Foley also emphasized the importance of governing internal data—ensuring it is current and validated using good analytics. “If you’ve got all of that right now, you can basically embrace AI and take it to the next level,” she said. She added that “for companies that are more advanced in their data governance and analytics, then they are in a great position to leverage AI in the more valued business processes of underwriting, claims management, risk management, etc. AI will be a game-changer long-term, but those companies that educate and prepare their teams now about the possibilities and the risks of AI so that they can start to embrace it in their solutions and culture are the companies that will reap the big benefits over the long run.”
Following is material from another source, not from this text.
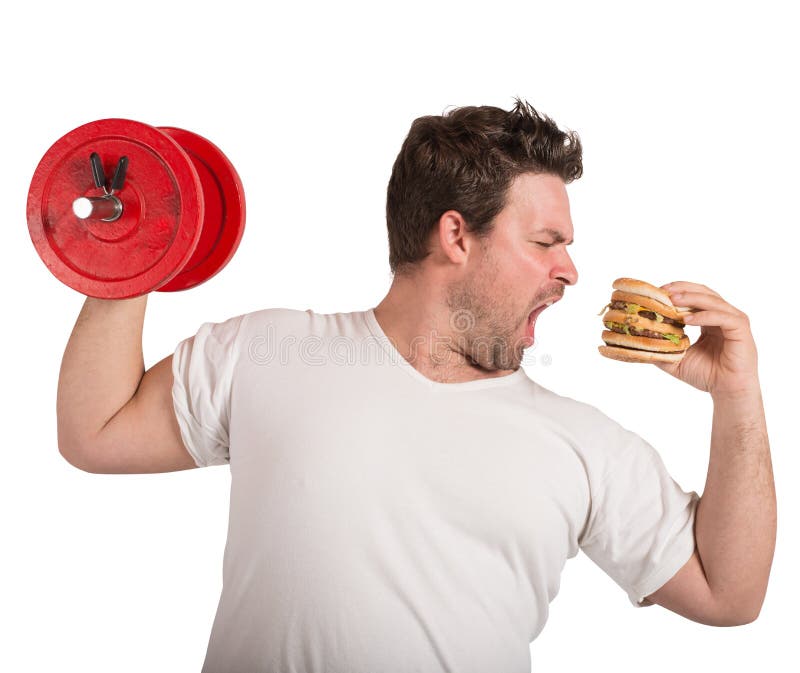 Fat man lifts weights eating a sandwich. Fat man lifts weights eating a sandwich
The prospect of an AI-enabled future “really reinforces the topic of data even more than ever before, which in turn reinforces the topic of good analytics as a means to validate data,” she said. “If you don’t have those two check marks going well in your company, then you are far away from using AI well.”

She continued: “Everybody is worried about the black box for AI, and the only way you can peel back the black box is to know that you’ve got good confidence and ownership in your company’s data, and understand the analytical tools that you can rely on to validate your own data.”

Foley also cautioned insurers to move slowly as they incorporate AI tools into their operations. “You want to be a close follower. You don’t want to be the laggard. You can’t afford not to do it. You want to be in there, but you don’t want to be the leader either,” she said, explaining that leaders will stumble through early issues. “Having lived in the world of technology for 35 years-plus, I would say that about any technology when it’s first introduced. It’s going to evolve and it’s going to become even better,” she said.

“One positive thing that AI is doing is that it’s opening up employees’ and business leaders’ minds, and especially society’s minds even more to the current capabilities of technology. Even if you’re not going to use AI—[if] you use blockchain or you use e-commerce or some traditional method—the fact is that society and employees and business leaders overall are much more aware now of the possibilities and capabilities of technology.”

“Their eyes have been opened,” she said.